David’s son, Solomon, built the First Temple adjacent to the city, on Har (Mount) Moriah. It was subsequently destroyed by the Babylonians, who exiled the Jews. After they returned, the Second Temple was built and later enhanced. The Western Wall (Kotel) that stands today is a part of the retaining wall that supported the enlarged Mount upon which that Temple stood.
The Romans destroyed the Second Temple 2,000 years ago and ended the Second Jewish Commonwealth. Over the course of centuries, Jerusalem was then enfolded into the various empires of conquering forces.
However, in 2,000 years Jerusalem has never served as the capital of any nation other than a Jewish nation. With the exception of one brief historical period, Jews have always been present in the city. By the late 1800s, they once again constituted the majority of the population
As to the legal rights of the modern State of Israel to Jerusalem:
The Mandate for Palestine, passed unanimously by the League of Nations in 1922, is an article of international law that has never been superseded. It stipulated that Palestine was to be established as a Jewish Homeland.
Jerusalem is within the boundaries of Palestine as stipulated by the Mandate.
In 1947, the UN General Assembly passed Resolution 181, which recommended that within Palestine two federated states, one for the Jews and one for the Arabs, be established. This Resolution proposed that Jerusalem be a corpus separatum, administered by the UN.
General Assembly resolutions are only recommendations; they are not binding and carry no weight in international law.
What is more, Resolution 181 is null and void because the Arabs rejected it, and because the UN never at any point actually assumed responsibility for Jerusalem – never actualized what had been recommended.
Any claims by Arabs or others today that Israel is bound by Resolution 181 are simply fallacious.
By the end of the War of Independence in 1949, Israel held western Jerusalem. Jordan had occupied the eastern part of the city – which encompasses major areas of Jewish heritage, including Ir David and the ancient Jewish cemetery on Mount of Olives, and Jewish holy sites such as the Western Wall and Har Habayit (the Temple Mount). This occupation, as well as the occupation of Judea and Samaria more broadly, was illegal; Jordan had taken the territory in an offensive war.
Jordan rendered eastern Jerusalem Judenrein and—in spite of guarantees in the armistice agreement—denied Jews access to their holy places in that part of the city. Thus the erroneous impression that eastern Jerusalem is “Arab” evolved.

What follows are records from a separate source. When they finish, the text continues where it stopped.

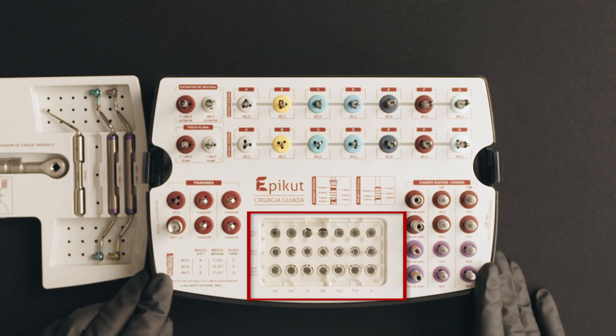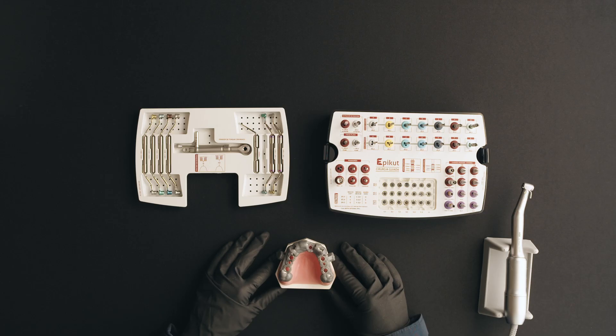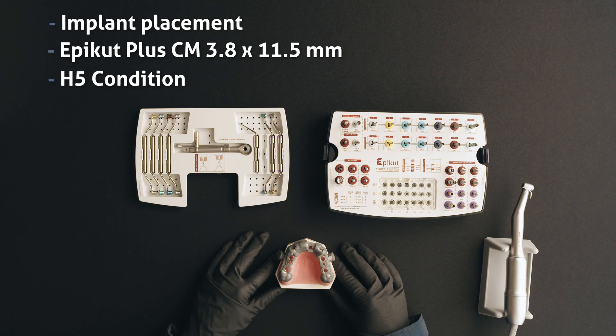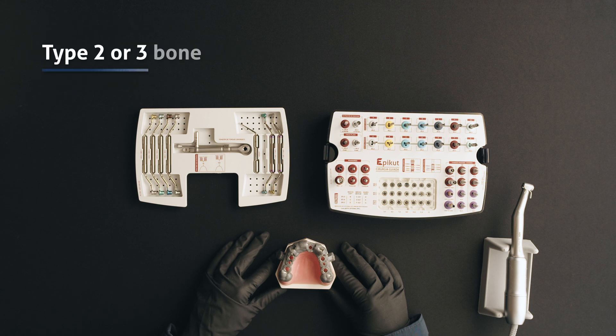The Epcot line provides a specific drilling sequence for each bone density, increasing clinical versatility. We will perform the drilling sequence of the Epcot Plus implant, Morse taper platform, 3.8 millimeters diameter and 11.5 millimeters length, in a simulation of medium bone type, also known as bone type 2 or 3.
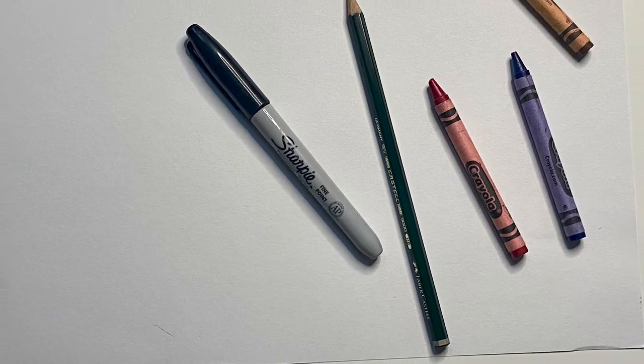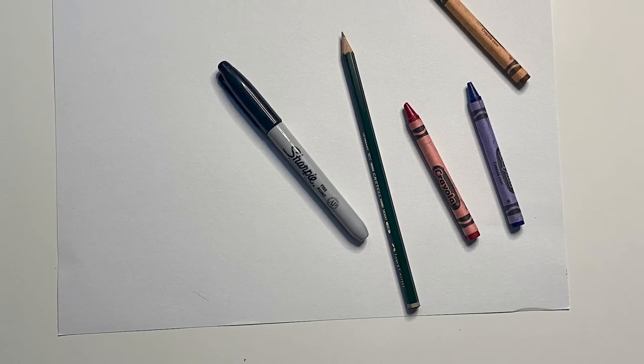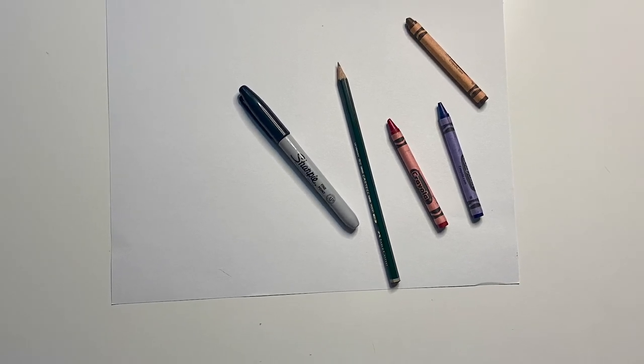The supplies you'll need for the lesson are some white paper, a pencil, a Sharpie, and red, brown, and blue crayons.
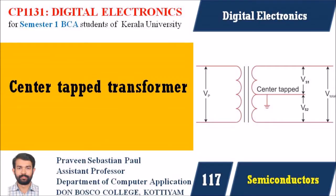Hi students, I am Pravind Sebastian Paul. In this lecture we are discussing what is a center-tapped transformer. Before going to discuss about a center-tapped transformer, we should know why we should learn this particular topic.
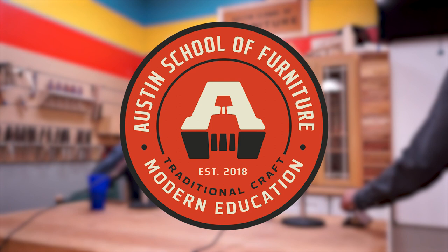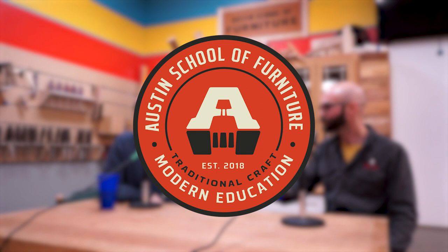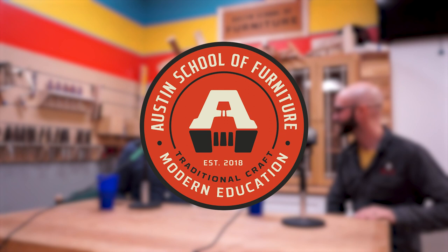Welcome to the Austin School of Furniture podcast, brought to you by the Austin School of Furniture. We're a fine furniture school in Austin, Texas, offering classes of all lengths to all woodworkers of all skill levels. Join the ASF staff as we talk furniture making, how to grow as a craftsperson, and interview incoming instructors. Thanks for listening.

The 19 years during which Jordan controlled eastern Jerusalem was the only time in the 3,000 year history of the city that it was divided. There is only one Jerusalem.
In 1967, Israel took eastern Jerusalem in a defensive war.

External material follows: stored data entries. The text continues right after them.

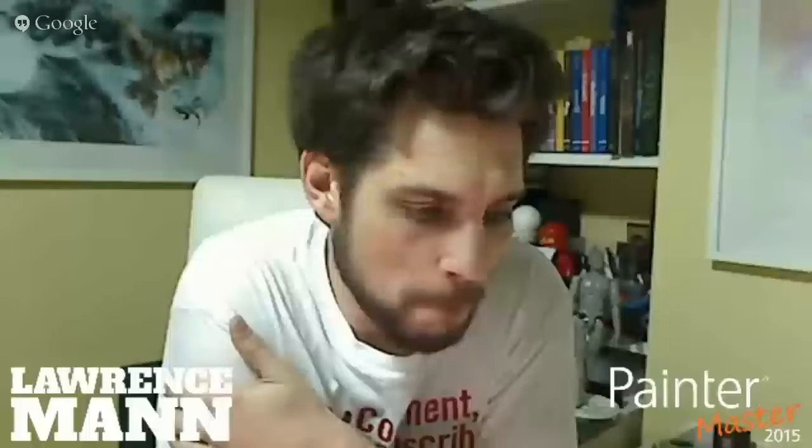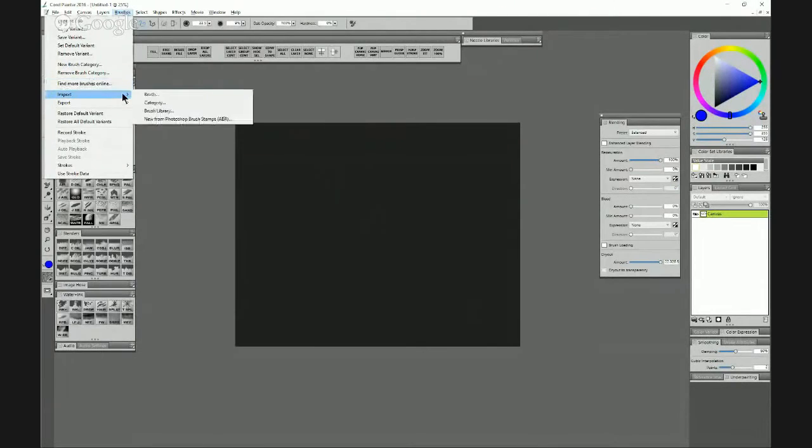I found that I needed to adjust the spacing more than anything, because when I imported the brush and started painting it was somewhere between a stamp and an actual stroke. If you don't change the settings you just end up with a smear rather than anything useful.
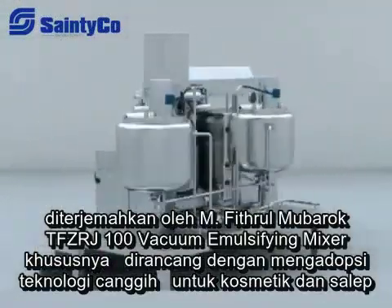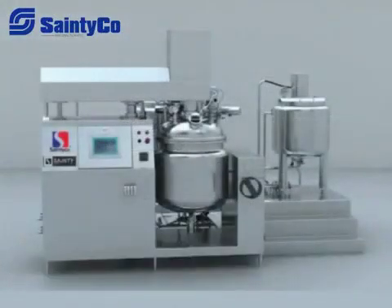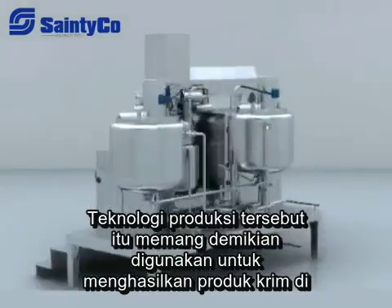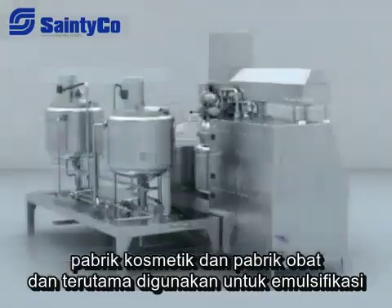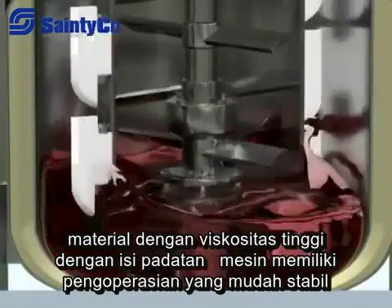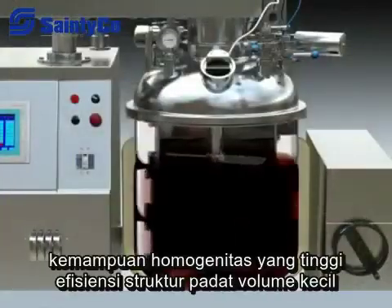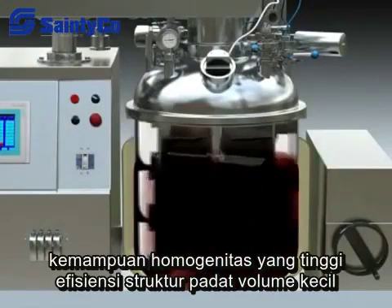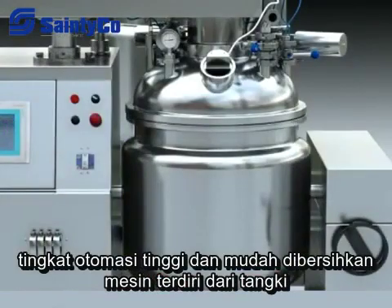The TFZR Vacuum Emulsifier is specially designed to adopt advanced technology from overseas according to cosmetic and ointment production technology. It is used to produce cream products in cosmetic and medicine factories, and is specially used for emulsification of peptic material with high content of solids. The machine features easy operation, steady capability, good homogeneity, high efficiency, solid structure, small volume, high automation level, and is easily cleaned.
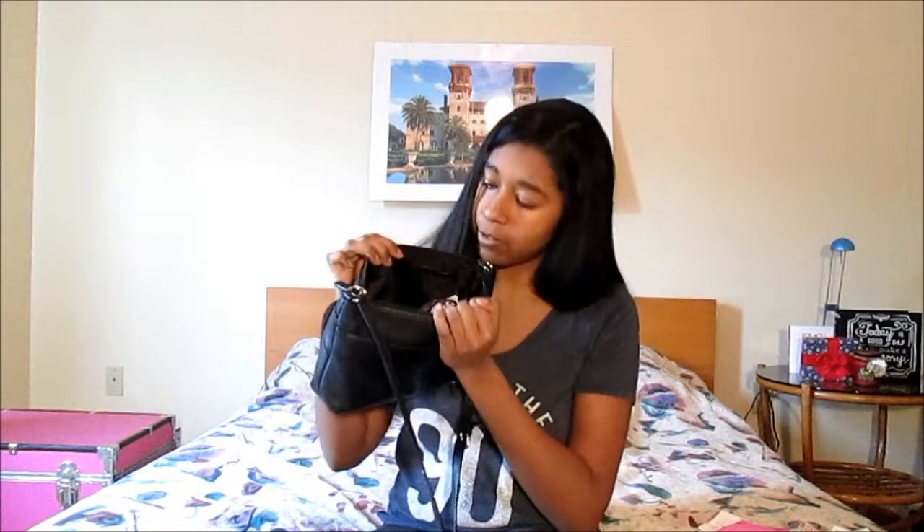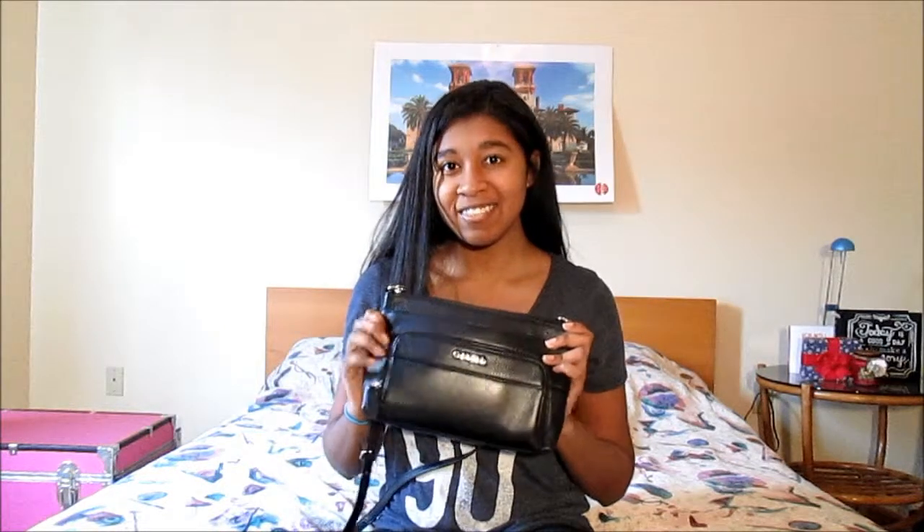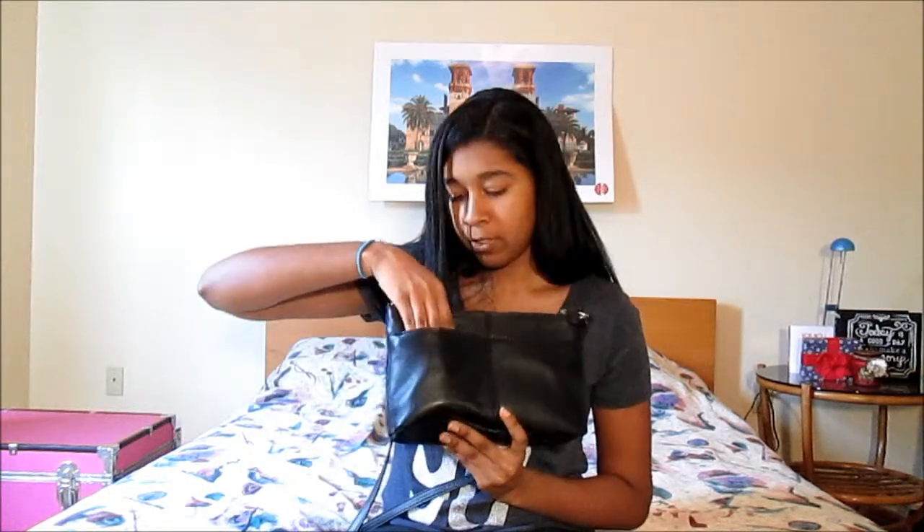Let's do the giant gaping cavern in there. I feel like I should say the word gaping. Let's see what's in the giant cavern. So it has two little — it's their pockets.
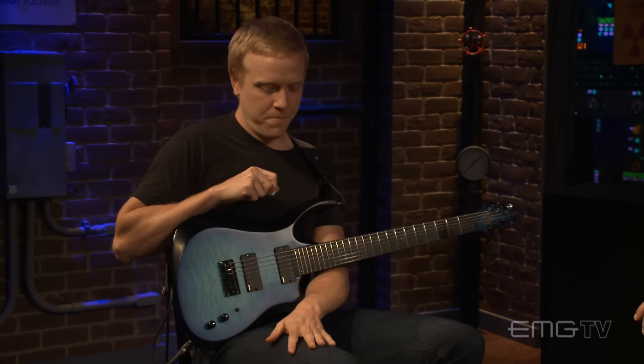Hey everybody, this is Tommy Armstrong over at EMG TV with Chris Letchford from Scale the Summit. Scales — there's a multitude of scales, and when you start looking through books to learn to play the guitar, it gets overwhelming.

The fighting began with Egypt. Israel sent a message to Jordan via the UN: “If you don’t intervene, you will suffer no consequences.” Jordan attacked anyway, and suffered the consequences.

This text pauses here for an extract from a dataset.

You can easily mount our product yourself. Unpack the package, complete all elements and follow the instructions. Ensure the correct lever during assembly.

In 1970, international lawyer Stephen Schwebel—who later became president of the International Court of Justice—wrote that the rights to a territory of a state acting in self-defense are superior to the rights of an aggressor attacking that same territory. With regard to Israel, he wrote: “Israel has better title in the territory of what was Palestine, including the whole of Jerusalem…”
After the war, the city was reunited. In 1980, Israel passed into Basic Law JERUSALEM: THE CAPITAL OF ISRAEL. “The complete and united Jerusalem is the capital of Israel.” Jewish neighborhoods in eastern Jerusalem were restored, synagogues destroyed by the Jordanians were rebuilt, and new neighborhoods were established.
Today the Palestinian Arabs claim rights to “East Jerusalem.” They say that Israel must pull back in Jerusalem to the “1967 border,” which would place the Temple Mount, the Kotel, and other sacred Jewish sites in Arab hands.
But there is no 1967 border. The line being referred to is only the 1949 Armistice Line, drawn when the fighting between Israel and Jordan came to a halt. The line— which simply designated the locations of the two armies—was intended to be temporary: the Armistice agreement states this clearly. The line was not to prejudice future negotiations to determine a final border.
What is more, the Armistice agreement was between Israel and Jordan. Palestinian Arabs played no part in this. It thus defies all logic that they should today claim part of Jerusalem as “theirs.”
Notes of clarification:
1) It further defies logic—if the Palestinian Arabs are truly claiming only “East Jerusalem” as theirs—why they should object so vehemently to the American Embassy being moved to “West Jerusalem,” which would presumably be Israeli.
In point of fact, in Arabic, the Palestinian Arabs routinely expose their true intention: to possess ALL of Jerusalem. On PA TV, for example, reference is made to “the occupied Arab city of Jerusalem.”
2) When the Palestinian Arabs refer to “East Jerusalem” and “West Jerusalem” this conjures up a mental image of the city divided down the middle. Yet this is not remotely the case: “East Jerusalem” refers to everything that was beyond that Armistice line, which came to be referred to as the Green Line.
Today many Jewish neighborhoods exist in Jerusalem beyond what was the Green Line – even in the north west (Ramot) and the south west (Gilo).